Results at 18 months showed recurrence-free survival (RFS) was 78.6% in the combination arm vs 62.2% in the pembrolizumab only arm (HR=0.561; 95%CI 0.309–1.017; one-sided P-value of 0.0266).
The number of patients showing treatment-related grade ≥3 adverse events was 25% in the combination arm vs 18% for the pembrolizumab only arm. The most common mRNA-4147/V940 related grade 3 events were fatigue (69.2%), diarrhoea (29.8%) and pruritus (28.8%). “Interestingly you have a slightly increased number of immune related adverse events in the pembrolizumab arm versus the combo arm, and slightly more serious adverse events with combo versus pembrolizumab,” commented Weber.
In an additional analysis of KEYNOTE-942, baseline biopsies from trial participants were assessed for the relationship between tumour mutational burden (TMB) and RFS across study arms, with the TMB-high threshold defined as 10 mutations per megabase. “We focused on the TMB because it has been shown to be a predictor of response to immune checkpoint inhibitor therapy and is relevant to a neoantigen vaccine product – theoretically, if you have a higher TMB, there will be more neoepitopes to target,” said Ryan Sullivan, the presenter of the subset analysis, from Harvard Medical School.

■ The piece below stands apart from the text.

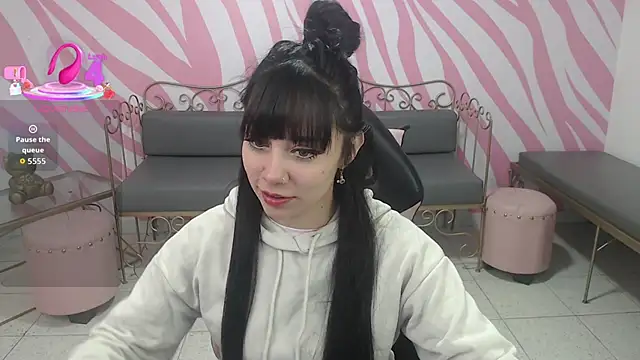 saabrina  online show from December 5, 2025, 1:21 pm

Results showed that, in comparison with the control arm, the vaccine–pembrolizumab combination led to a 35% reduction of the risk of recurrence or death in patients with high TMB and a 41% reduction for patients with low TMB. “Patients who were treated with the combination of vaccine and pembrolizumab had better outcomes than those treated with just pembrolizumab, independent of their TMB,” said Sullivan. “There likely is a certain TMB threshold below which our ability to successfully create a neoantigen vaccine is reduced, but our findings indicate that, above that threshold, the benefit of adding vaccination to pembrolizumab was similar regardless of the TMB.”
The biggest limitation of the study is the need for large amounts of tumour tissue, with patients with stage 2 and 3 melanoma having too little tissue for whole exome and RNA sequencing. The 34 neo antigen limit relates to size of mRNA molecules and their ability to be folded within the nanoparticle encapsulation complex. “There’s no reason why you couldn’t redesign the RNA molecule to have more neo antigens, but it only takes one,” said Weber.
A phase III study of mRNA-4157/V940 in patients with stage III/IV resected melanoma is scheduled to start summer 2023. The vaccine combination strategy, said Weber, should be applicable to any tumour that is operable, sensitive to PD-1 blockade and generates neoantigens, such as non-small cell lung cancer (NSCLC), hepatocellular carcinoma, and triple negative breast cancer. Regarding haematological malignancies, he added, they tend to have fewer single nucleotide variants. “But I see no reason why you couldn’t pursue that strategy as long as you have a good algorithm for choosing the best neoantigen.” In prostate and pancreatic cancer, where PD-1 blockade has limited activity, Weber suggested that there may be potential to use the vaccine alone.